А знаете, почему в Ростове самые красивые девчонки? Когда императрица Елизавета Петровна издала указ о создании Темерницкой таможни, то специально для солдат и офицеров — чтобы они там не кисли — навезла со всей России самых красивых девчонок. Потом казаки привезли турчанок, потом пришли армяне, вбили в Чалтыре свой посох и построили Нахичевань-на-Дону, которая стала частью Ростова. В общем, не знаю, в каком еще городе столько наций намешано.

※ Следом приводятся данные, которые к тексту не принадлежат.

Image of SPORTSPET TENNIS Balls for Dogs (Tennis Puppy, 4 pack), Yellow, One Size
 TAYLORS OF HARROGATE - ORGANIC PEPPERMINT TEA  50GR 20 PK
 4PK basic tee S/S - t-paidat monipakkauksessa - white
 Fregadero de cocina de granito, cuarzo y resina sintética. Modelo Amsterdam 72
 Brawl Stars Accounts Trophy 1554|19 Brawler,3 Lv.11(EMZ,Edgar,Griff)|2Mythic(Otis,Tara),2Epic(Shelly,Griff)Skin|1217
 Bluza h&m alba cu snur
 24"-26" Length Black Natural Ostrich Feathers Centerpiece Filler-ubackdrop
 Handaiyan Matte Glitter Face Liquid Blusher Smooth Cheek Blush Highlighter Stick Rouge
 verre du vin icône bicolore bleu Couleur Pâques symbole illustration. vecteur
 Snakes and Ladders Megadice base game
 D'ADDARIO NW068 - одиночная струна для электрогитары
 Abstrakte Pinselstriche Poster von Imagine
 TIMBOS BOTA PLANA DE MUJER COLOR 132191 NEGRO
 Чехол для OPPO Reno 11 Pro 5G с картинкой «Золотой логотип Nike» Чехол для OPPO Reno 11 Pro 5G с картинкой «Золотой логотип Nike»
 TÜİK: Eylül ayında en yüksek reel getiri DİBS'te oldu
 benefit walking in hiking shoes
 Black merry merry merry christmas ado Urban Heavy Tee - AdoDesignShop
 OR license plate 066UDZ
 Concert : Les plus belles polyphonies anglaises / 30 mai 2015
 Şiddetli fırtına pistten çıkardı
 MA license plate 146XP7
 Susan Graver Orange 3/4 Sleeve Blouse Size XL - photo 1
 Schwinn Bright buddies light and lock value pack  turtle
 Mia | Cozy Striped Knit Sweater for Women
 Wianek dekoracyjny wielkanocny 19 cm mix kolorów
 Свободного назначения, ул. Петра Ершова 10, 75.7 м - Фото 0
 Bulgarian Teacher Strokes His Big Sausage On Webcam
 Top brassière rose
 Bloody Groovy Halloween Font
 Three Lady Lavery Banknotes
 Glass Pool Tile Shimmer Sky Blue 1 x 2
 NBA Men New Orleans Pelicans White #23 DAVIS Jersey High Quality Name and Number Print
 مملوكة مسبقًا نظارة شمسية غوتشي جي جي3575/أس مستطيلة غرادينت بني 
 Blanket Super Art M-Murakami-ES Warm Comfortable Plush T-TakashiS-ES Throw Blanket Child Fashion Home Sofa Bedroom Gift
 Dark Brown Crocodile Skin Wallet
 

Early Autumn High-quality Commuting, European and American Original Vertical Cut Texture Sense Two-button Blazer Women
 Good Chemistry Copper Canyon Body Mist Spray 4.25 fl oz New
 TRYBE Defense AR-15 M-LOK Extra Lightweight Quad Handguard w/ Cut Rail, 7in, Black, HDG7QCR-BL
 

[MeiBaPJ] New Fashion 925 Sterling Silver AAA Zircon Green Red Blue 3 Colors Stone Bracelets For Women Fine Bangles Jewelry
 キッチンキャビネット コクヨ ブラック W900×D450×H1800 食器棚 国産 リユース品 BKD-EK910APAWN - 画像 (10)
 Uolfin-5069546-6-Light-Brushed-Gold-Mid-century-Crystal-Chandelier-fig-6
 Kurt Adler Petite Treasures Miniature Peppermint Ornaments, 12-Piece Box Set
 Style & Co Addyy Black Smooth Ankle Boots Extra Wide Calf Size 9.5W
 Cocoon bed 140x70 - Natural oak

Двор, к сожалению, уже совсем не тот. А в нашей комнате — ателье, я каждый раз, приезжая в Ростов, к ним захожу: «Здрасьте, можно я в свою комнату пройду?» Они уже знают меня, хихикают и пускают.

А второе мое место силы — Нахичевань: папе дали возможность увеличить жилплощадь, и мы переехали на Верхненольную, это был полуподвал, но зато метров двадцать. «Дай постоять в хорошей жизни вольной на Богатяновской и чуточку на Нольной», — это я о нем написал. Теперь там салон красоты. Я к ним тоже зашел, говорю: «Вот тут стояла моя кровать, здесь были примусы, там кладовка». Они мне сначала слабо верили, какие еще примусы…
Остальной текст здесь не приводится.